## Information provided
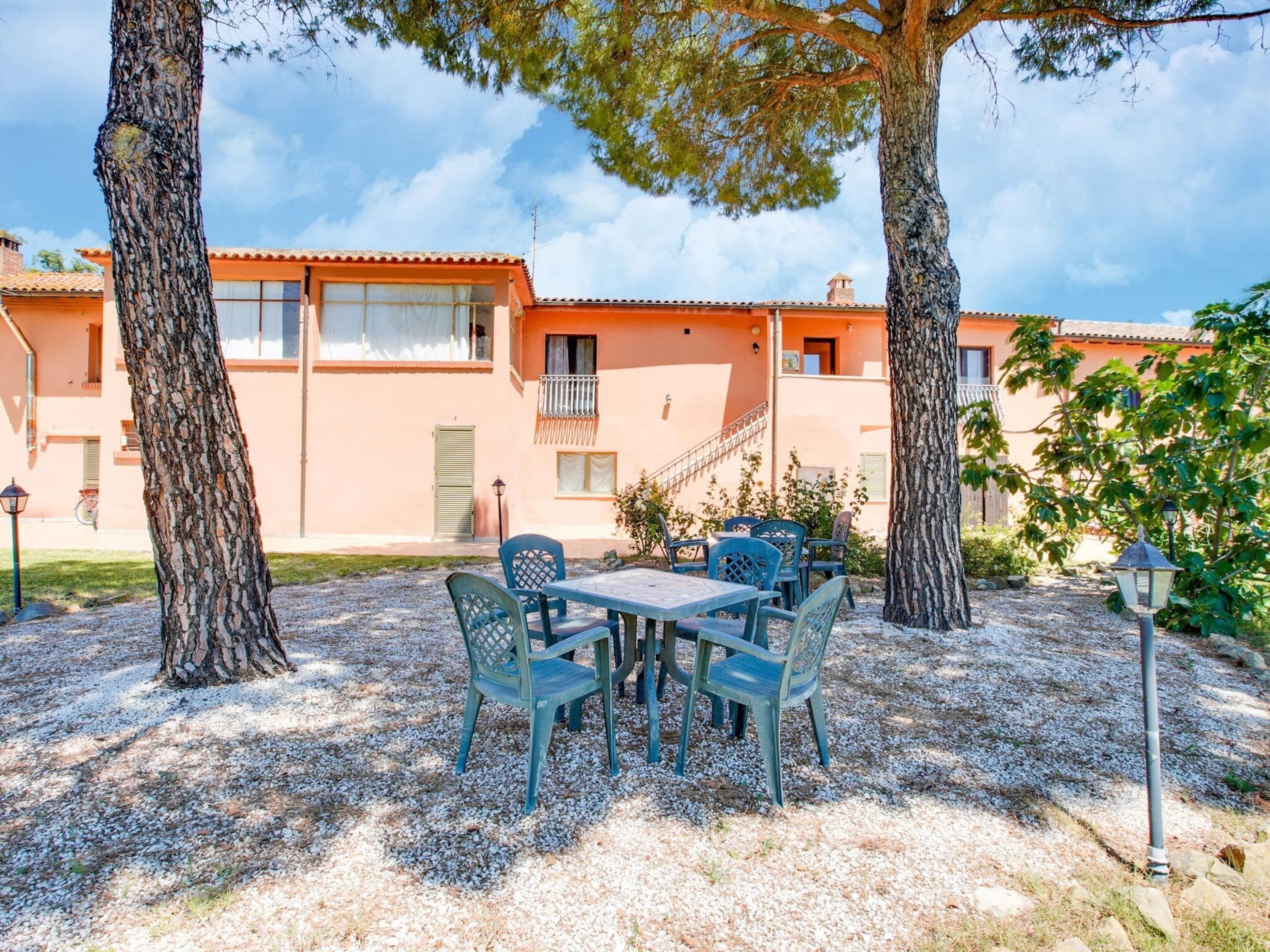 Un bâtiment à la façade rouge, avec un espace extérieur aménagé avec des chaises et une table, et deux grands arbres au premier plan.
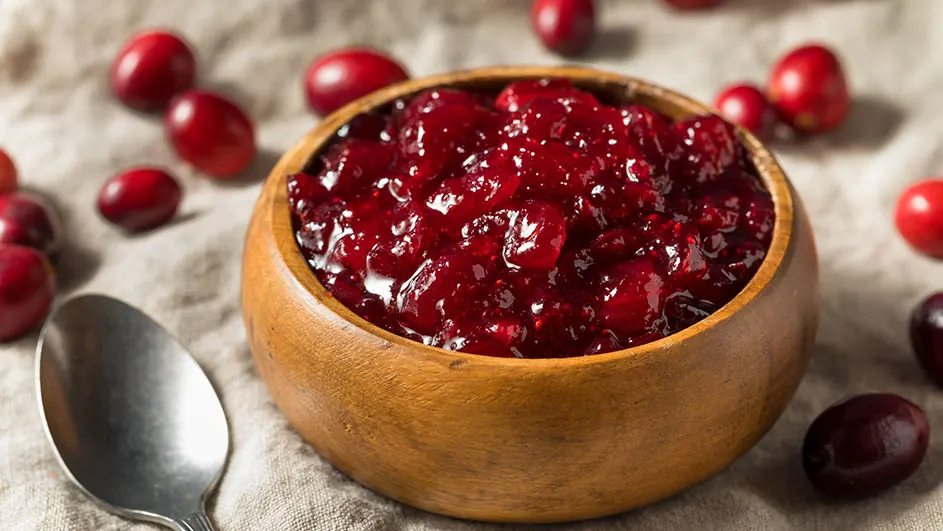 Een houten kom gevuld met rode cranberrysaus staat naast losse cranberries en een zilveren lepel op een grijze linnen ondergrond.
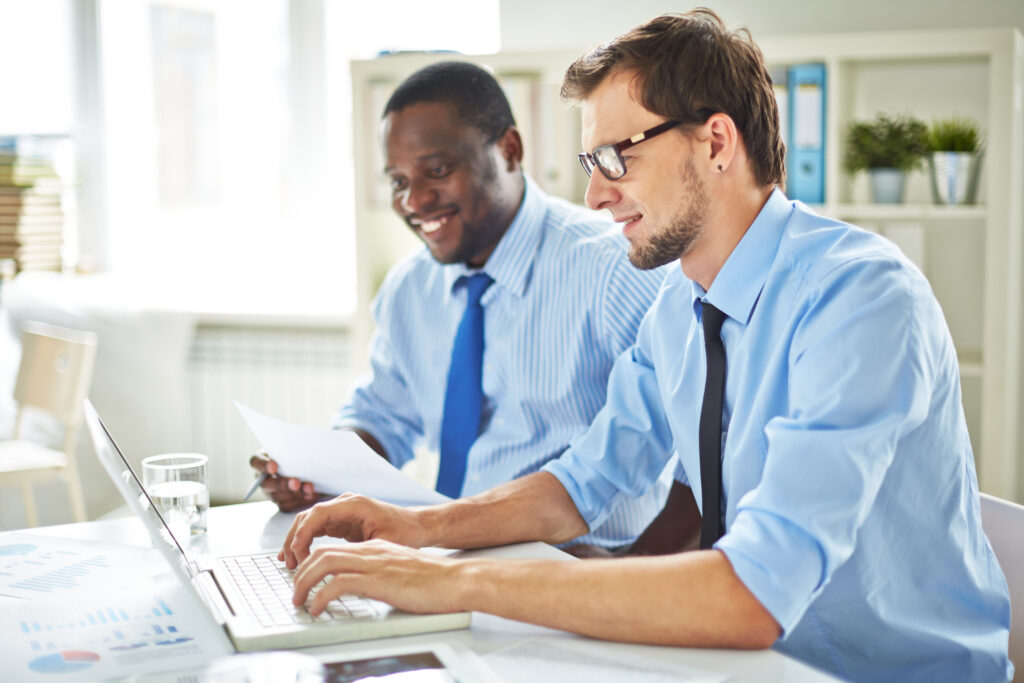 multiethnic group of enthusiastic managers gathered in boardroom working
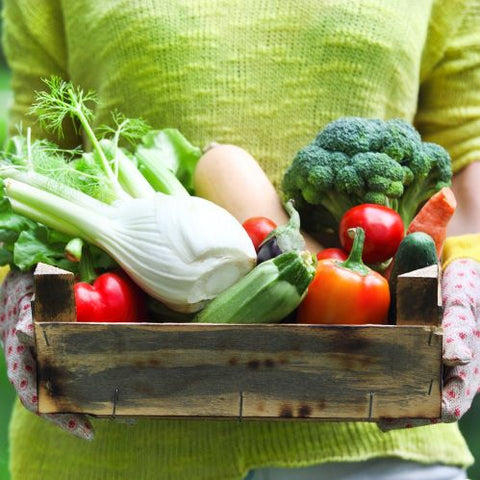 Lady holding wooden tray of fresh produce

## Try it
A verbatim transcription of the listing is expected, with no pictures included.

## Response below
 Un bâtiment à la façade rouge, avec un espace extérieur aménagé avec des chaises et une table, et deux grands arbres au premier plan.
 Een houten kom gevuld met rode cranberrysaus staat naast losse cranberries en een zilveren lepel op een grijze linnen ondergrond.
 multiethnic group of enthusiastic managers gathered in boardroom working
 Lady holding wooden tray of fresh produce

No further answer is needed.